**WORK ORDER**: In the material below, the lines between the one holding "A11903393 — Miami Beach — 26" and the one holding "Для добровольцев ввели", inclusive, are to be set down word for word. Pictures stay out.

**GIVEN INFORMATION**:
........
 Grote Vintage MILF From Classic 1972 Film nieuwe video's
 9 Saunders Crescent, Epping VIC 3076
........
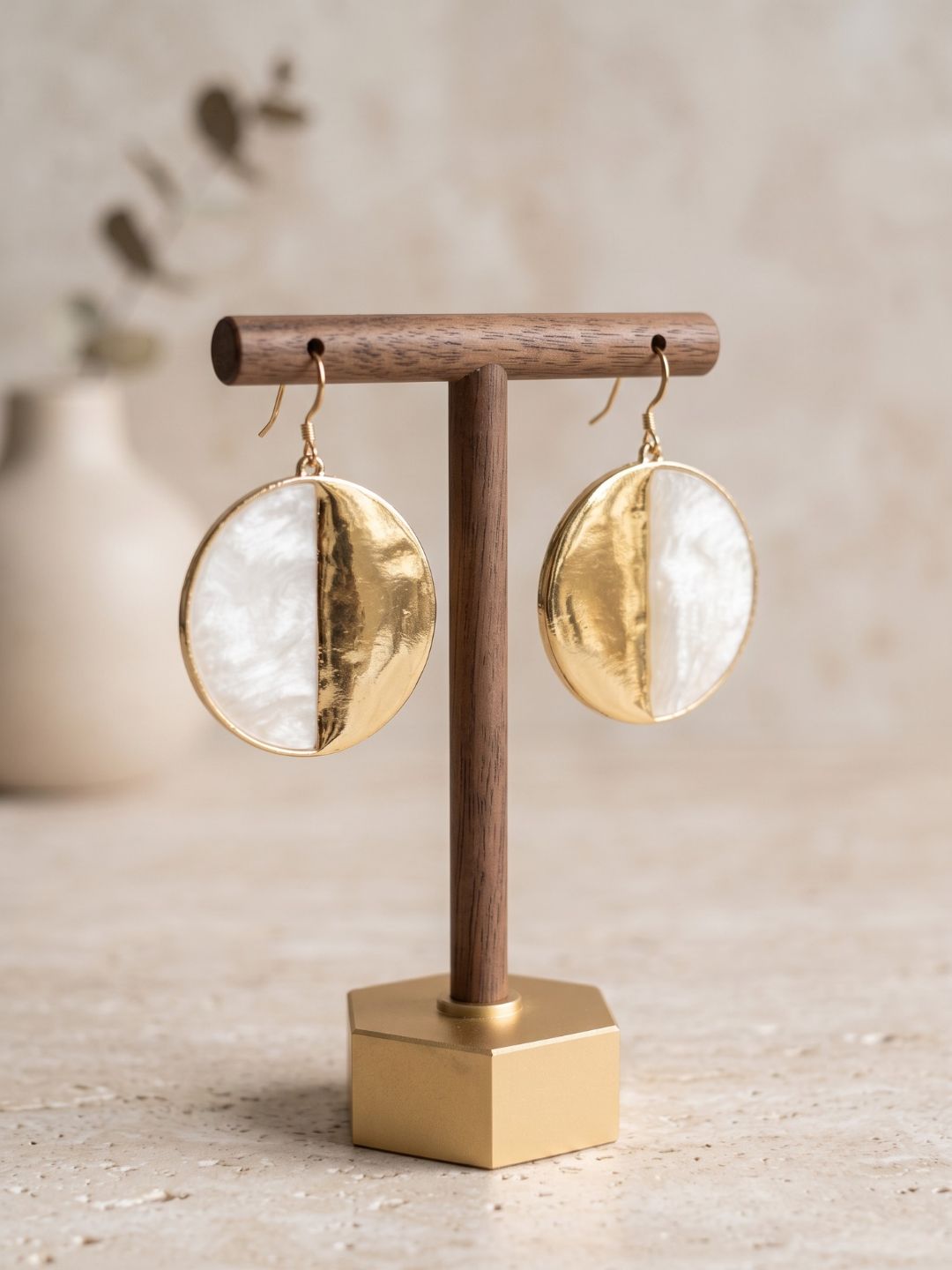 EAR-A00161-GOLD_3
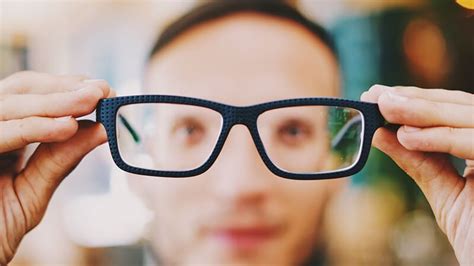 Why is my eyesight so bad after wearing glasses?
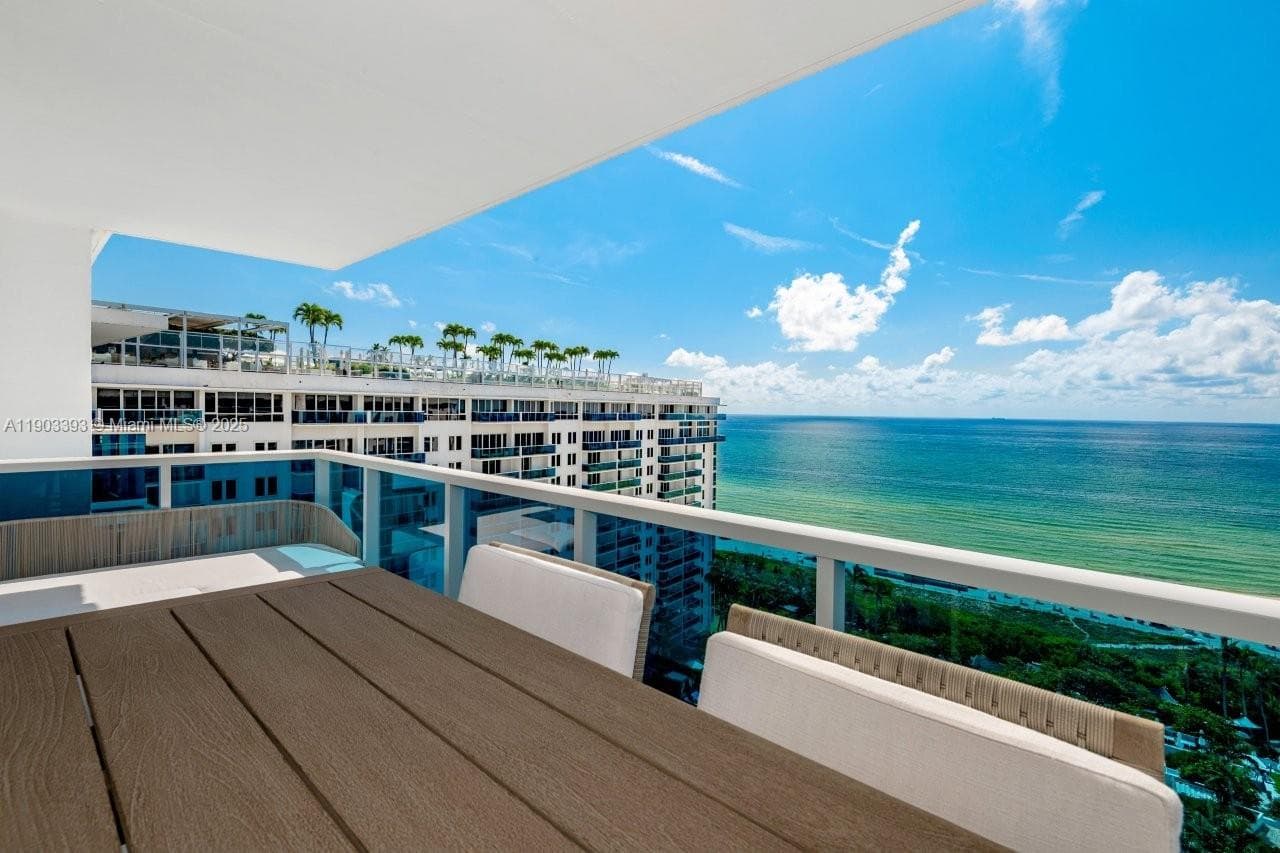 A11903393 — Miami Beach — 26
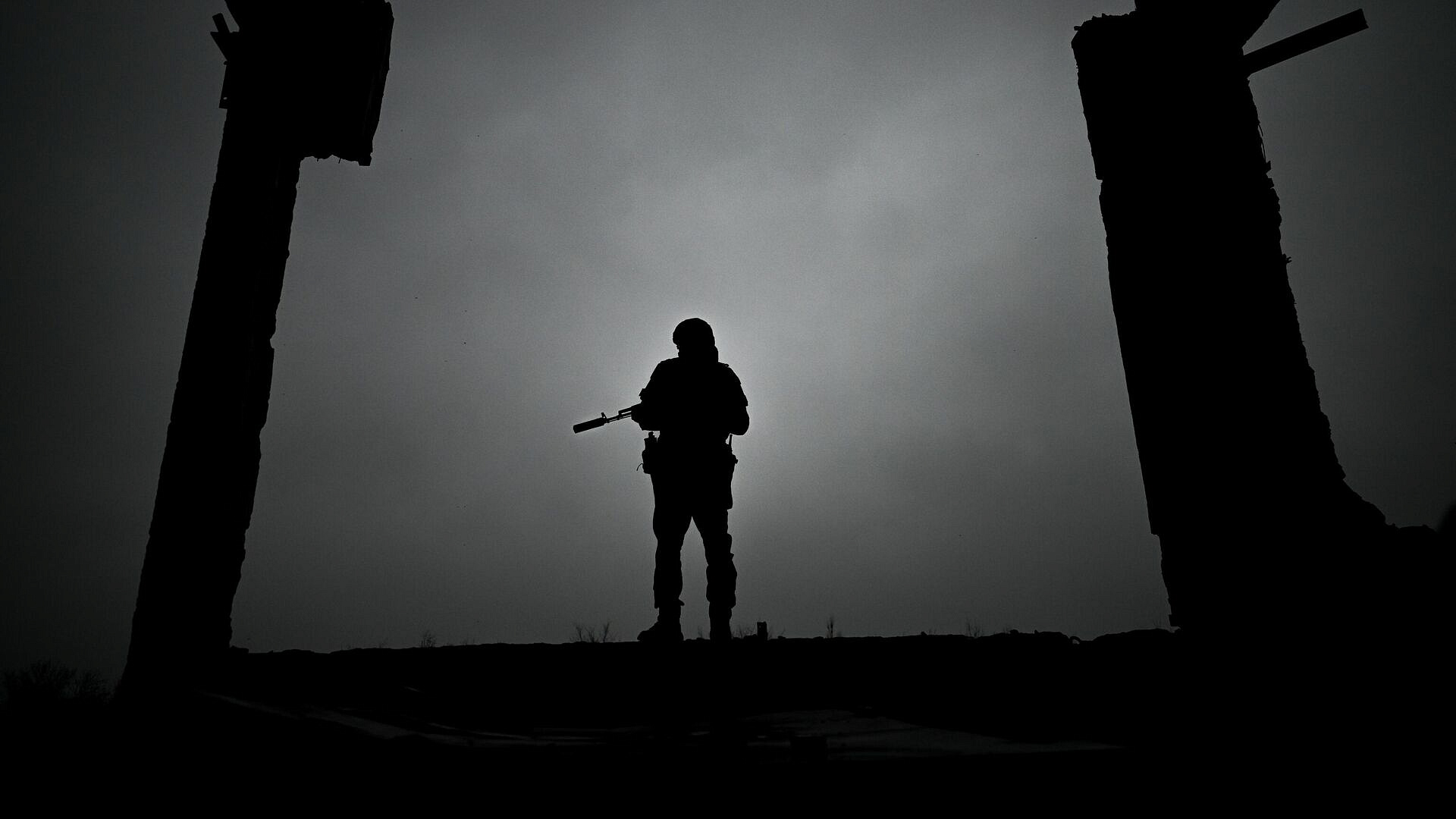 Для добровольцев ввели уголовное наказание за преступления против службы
........
**SOLUTION TO THE PROBLEM**:
 A11903393 — Miami Beach — 26
 Для добровольцев ввели уголовное наказание за преступления против службы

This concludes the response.